# Data below
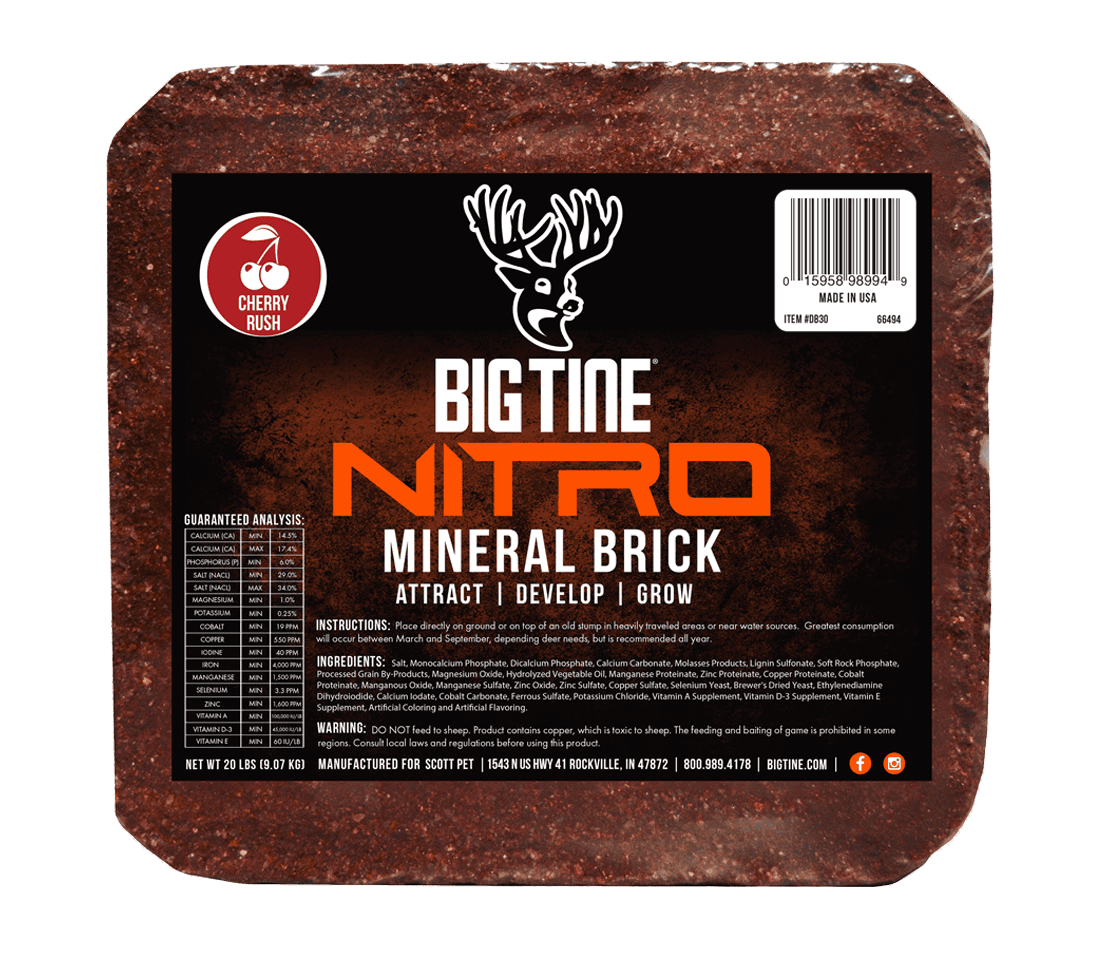 BIG TINE NITRO MINERAL BRICK with Cherry Rush flavor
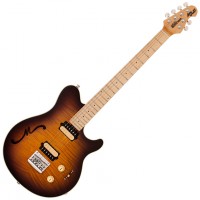 Photo MUSIC MAN AXIS SUPER SPORT SEMI HOLLOW TOBACCO BURST MN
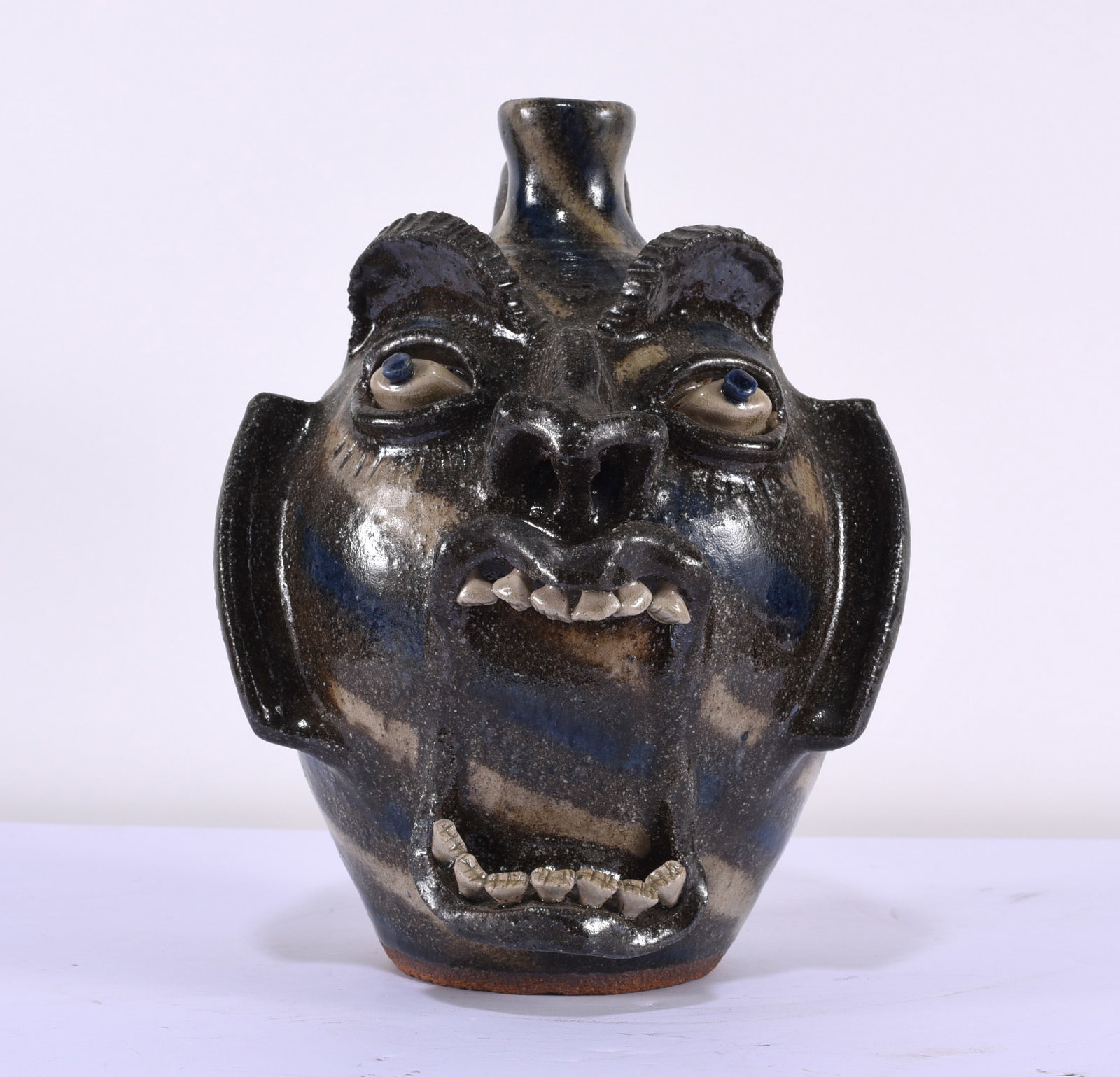 Steve Abee Swirl Face Jug (1 of 3)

# The problem
Without including any picture, write out the material above exactly.

# Solution for this task
 BIG TINE NITRO MINERAL BRICK with Cherry Rush flavor
 Photo MUSIC MAN AXIS SUPER SPORT SEMI HOLLOW TOBACCO BURST MN
 Steve Abee Swirl Face Jug (1 of 3)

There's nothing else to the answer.